Luego de “El coronel no tiene quien le escriba”, García Márquez publica la colección de cuentos “Los funerales de la Mamá Grande”, y más tarde, en 1962, “La mala hora”, su cuarto libro. Hasta aquí su biografía no tiene nada de espectacular (como la tuvo su admirado Hemingway, por ejemplo), era una modesta vida llena de estrecheces y limitaciones, ejerciendo el periodismo para comer y escribiendo de noche, robándole horas al sueño, “para vivir”, envolviendo en los mantos de la ficción los fantasmas de su niñez.

La espera terminó en 1967 a los treinta y nueve años y luego de más de una década de la aparición de su primera novela. Sin embargo era escéptico, de sus “libros anteriores sólo se habían vendido hasta entonces unos mil de cada uno” por lo que nunca pensó en el inmensurable éxito que alcanzaría este libro, su quinto, en el público.

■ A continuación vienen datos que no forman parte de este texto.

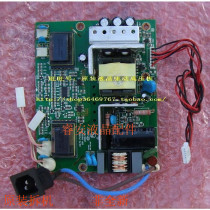 Four lamp small opening integrated board power board universal four lamp integrated board 15 -24 inch small size 12V 5V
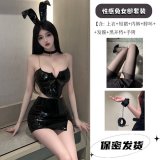 4703 Bunny Girl [+ Handcuffs]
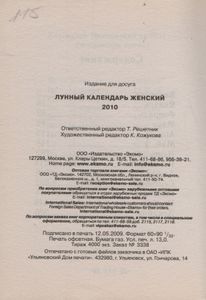 Лунный Календарь Женский 2010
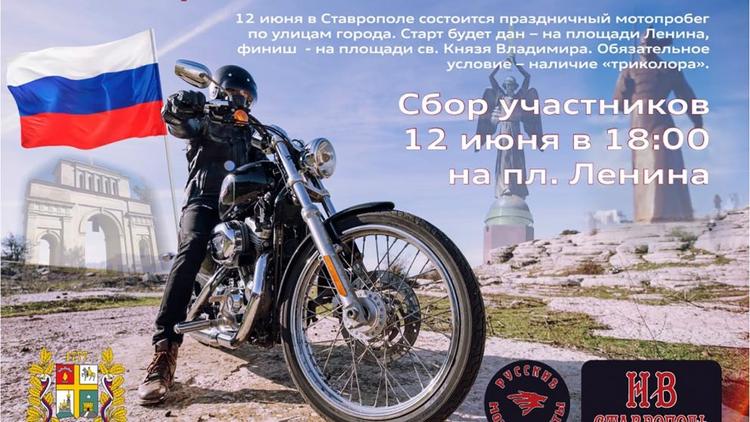 В День России в Ставрополе проведут патриотический мотопробег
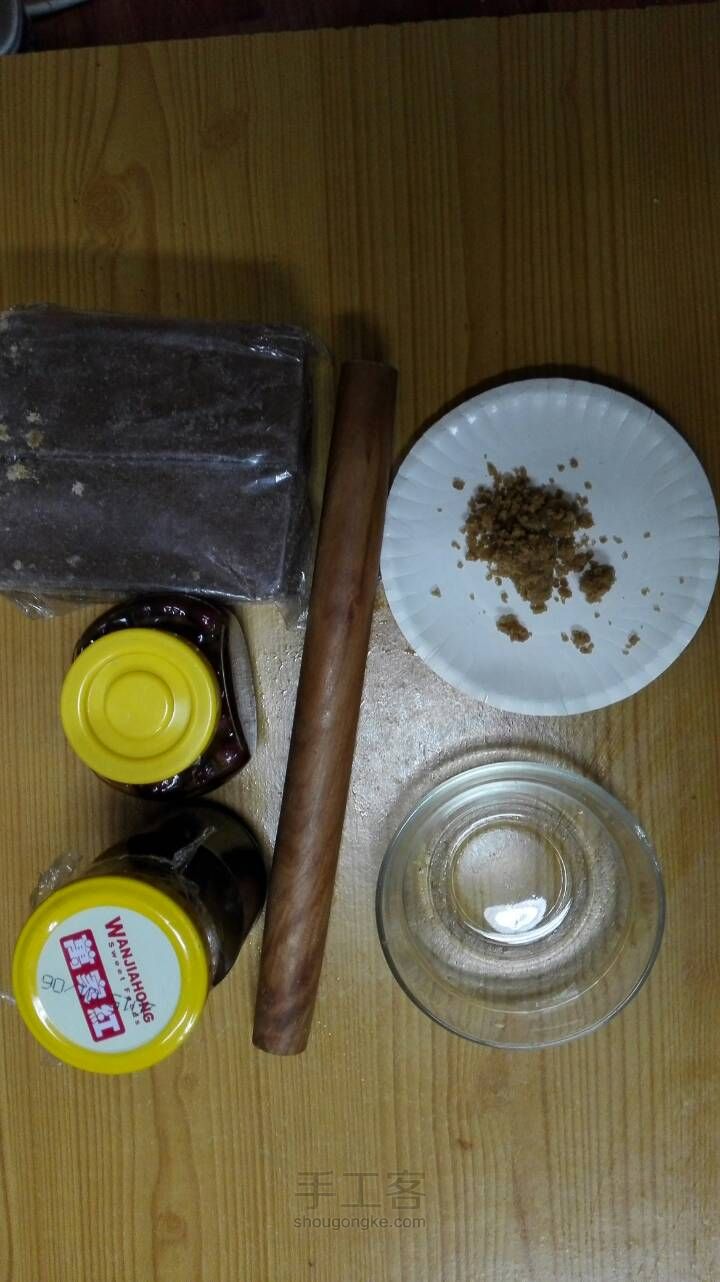 简单制作甜蜜排毒按摩油 第1步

La primera edición, de unos veinte mil ejemplares, publicada por la Editorial Sudamericana se agotó en quince días y en una sola ciudad: Buenos Aires. Y, como afirma Vargas Llosa en “Sables y Utopías”, “una crítica unánime confirmó lo que habían proclamado los primeros lectores del manuscrito: que la más alta creación literaria americana de los últimos años acababa de nacer” (Cien años de soledad: el Amadís en América, 1967).

“Estaba seguro de que tendría buena crítica. Pero no de su éxito en el público” dice García Márquez en “El olor de la guayaba”, conversaciones con Plinio Apuleyo Mendoza, para luego confesar que nunca se imaginó que se vendería “en todas partes como salchichas calientes”.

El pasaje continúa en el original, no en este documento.